[Task details]
Starting at the line that contains "Elegant Foldable Iron", return every line through the end of the data exactly, without pictures.

(Crawled caption data)
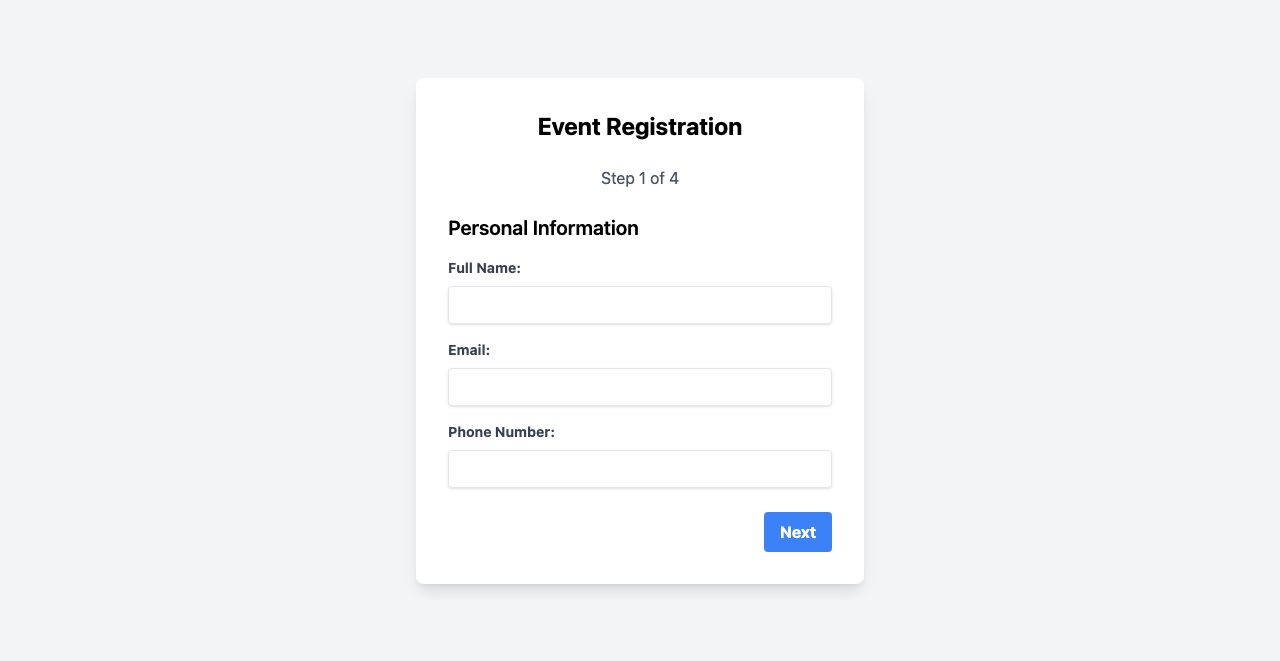 Desktop Screenshot of FPC007_Multi_Step_Wizard_Form_with_Validation_and_Summary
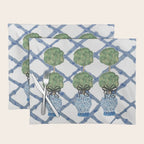 Hand Painted Bamboo Trellis Chinoiserie Ginger Jar  Placemat Gallery Image 1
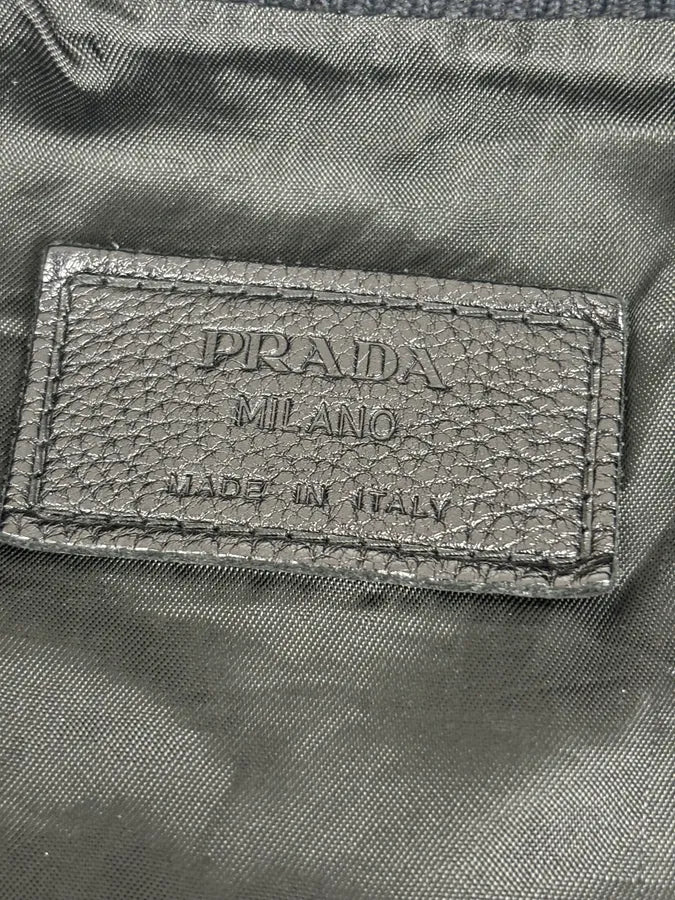 AW2008 Prada Buttoned Black Leather Jacket zEkUDOR 8
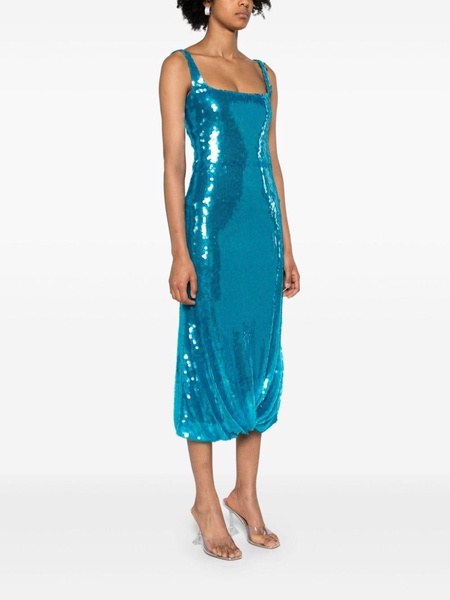 Blue Sidd Sequined Mesh Midi Dress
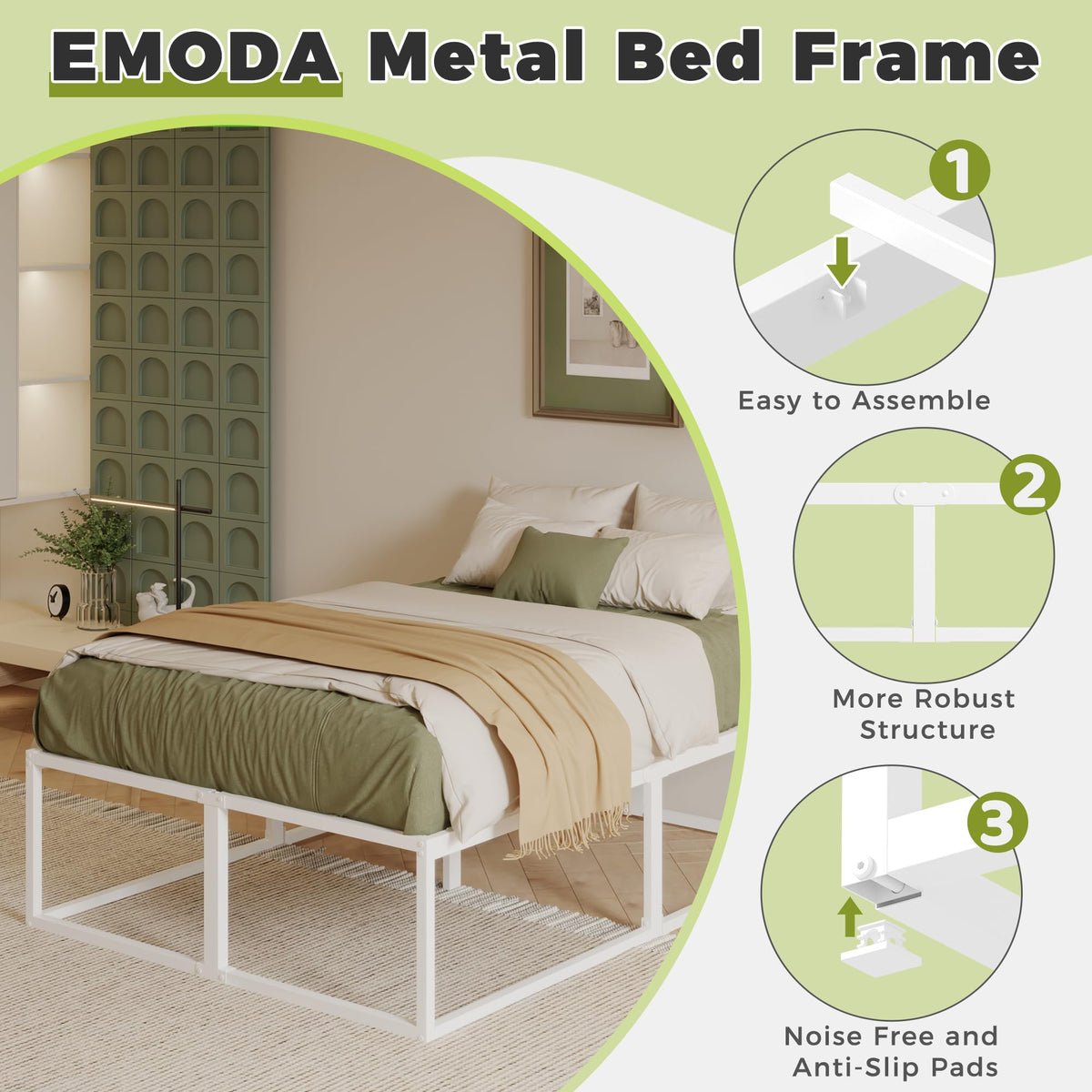 EMODA Super King Bed Frame 180x200 cm with Sturdy Slats Support, White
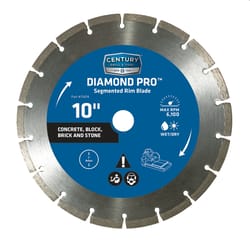 Century Drill & Tool 10 in. D X 1 in. Diamond Segmented Rim Diamond Saw Blade 1 pk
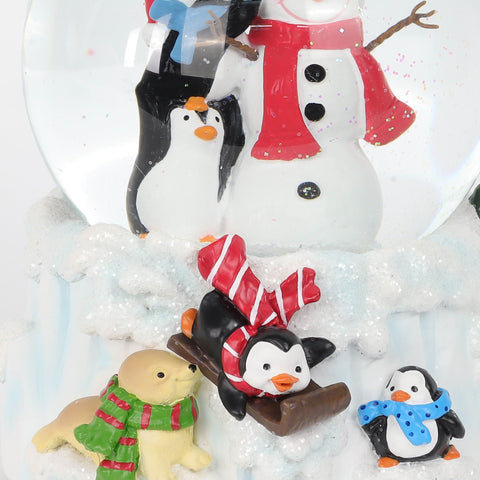 Dh Waterglobe Snowman & Penguin W/Music 100Mm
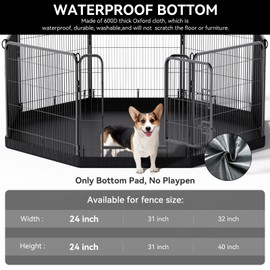 PJYuCien Dog Playpen Bottom Pad - Stabilize The Dog Play Pen, Easy to Clean and Waterproof, Fits Most 8 Panels 24 Inch Width Metal Dog Fence Octagonal Dog Playpen(Only PlayPen Bottom Pad, No Playpen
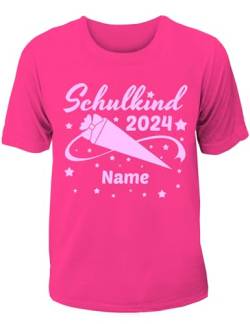 T-Shirt Einschulung/Schulanfang: Schulkind 2024 mit Wunschnamen Pink von Shirtoo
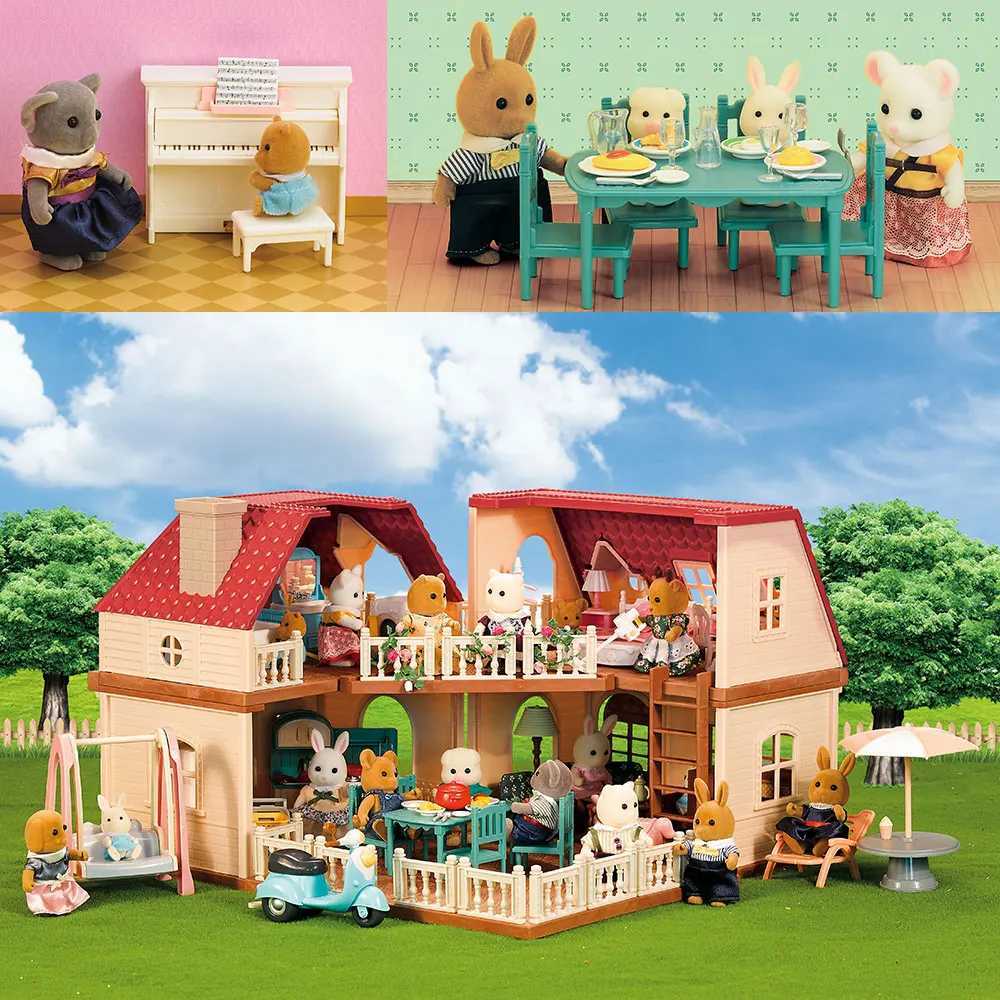 Simulation Kitchen Forest Family Small House Double ThreeStory Villa Reindeer Animal Model Girl Dollhouse Furniture Toy Gifts X2508261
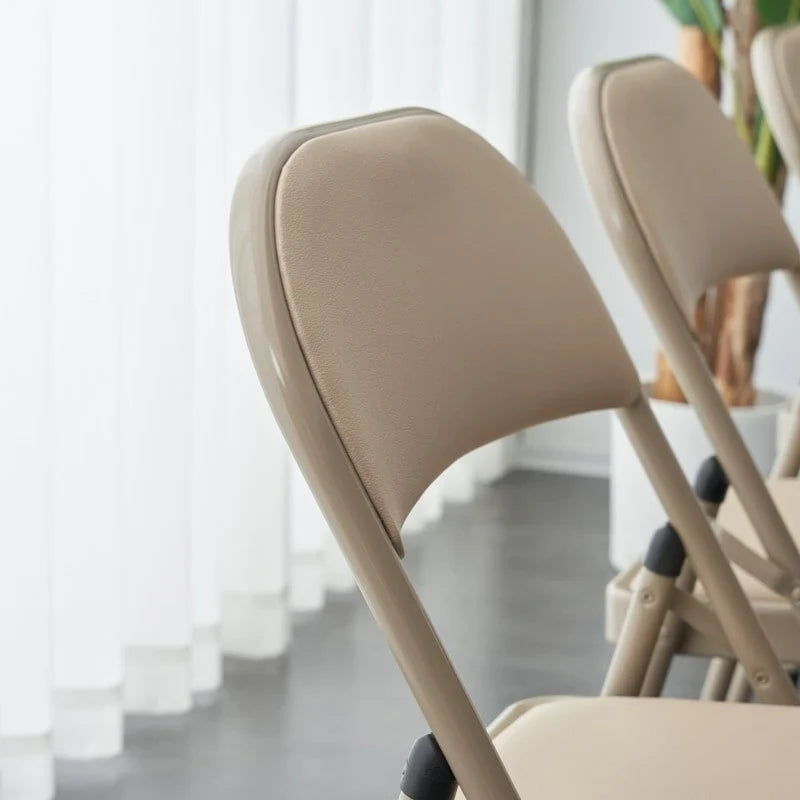 Elegant Foldable Iron & PVC Chairs for Convention & Exhibition White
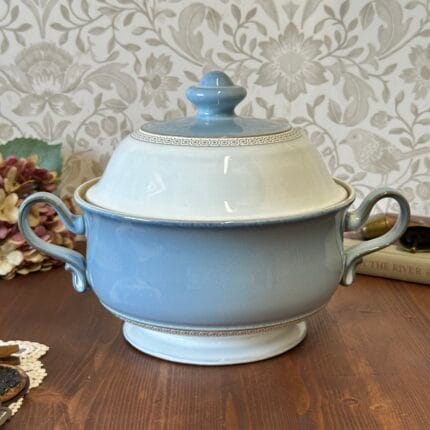 Denby Langley Castile Casserole Dish 2 Quart Blue White Lidded Stoneware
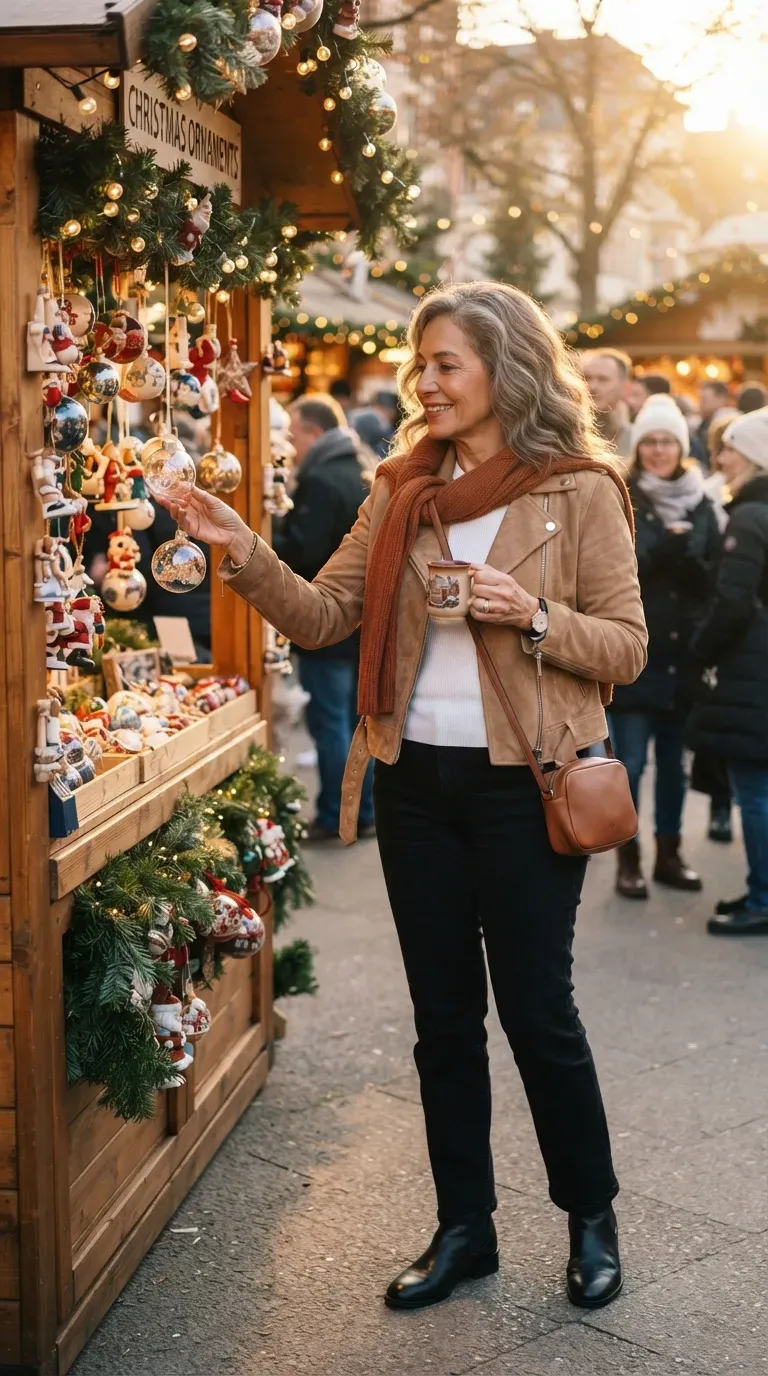 Woman over 50 in a tan suede jacket, white tee and black jeans at a Christmas market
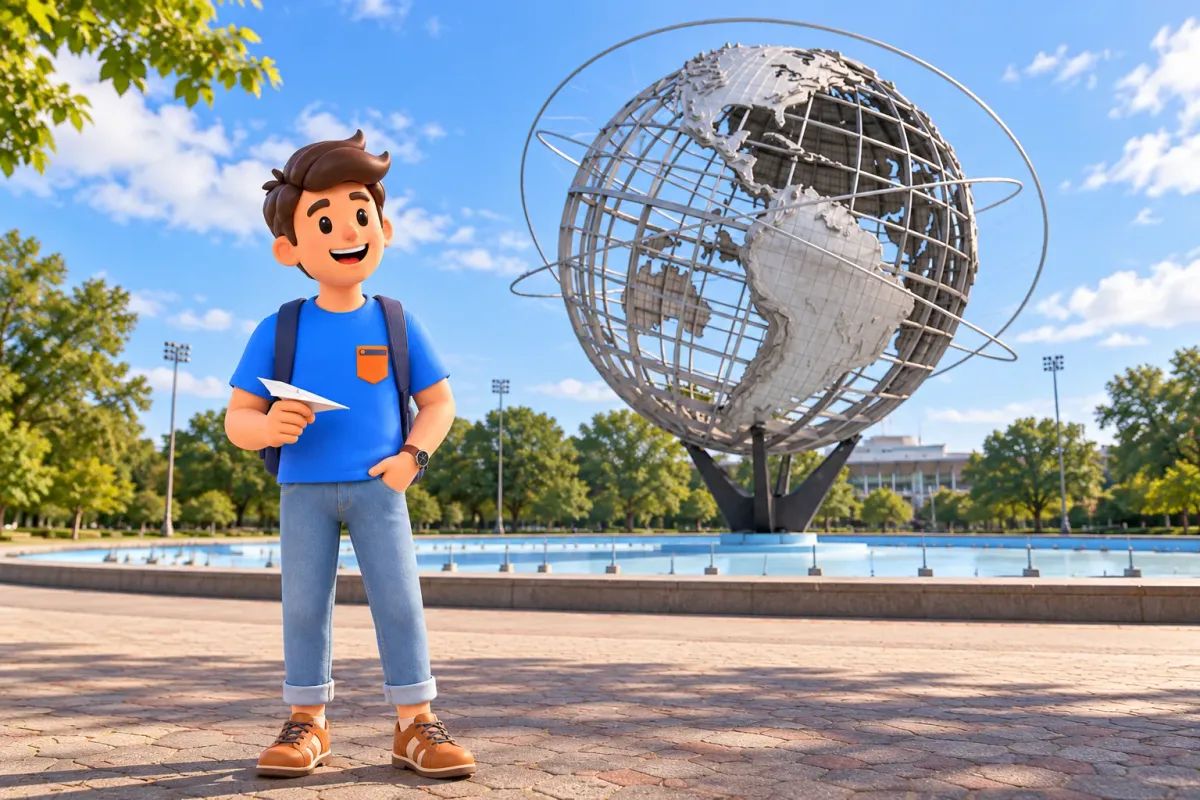 Ilustración de un viajero con su avión de papel ante la Unisphere estilizada.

[Finished exercise]
 Elegant Foldable Iron & PVC Chairs for Convention & Exhibition White
 Denby Langley Castile Casserole Dish 2 Quart Blue White Lidded Stoneware
 Woman over 50 in a tan suede jacket, white tee and black jeans at a Christmas market
 Ilustración de un viajero con su avión de papel ante la Unisphere estilizada.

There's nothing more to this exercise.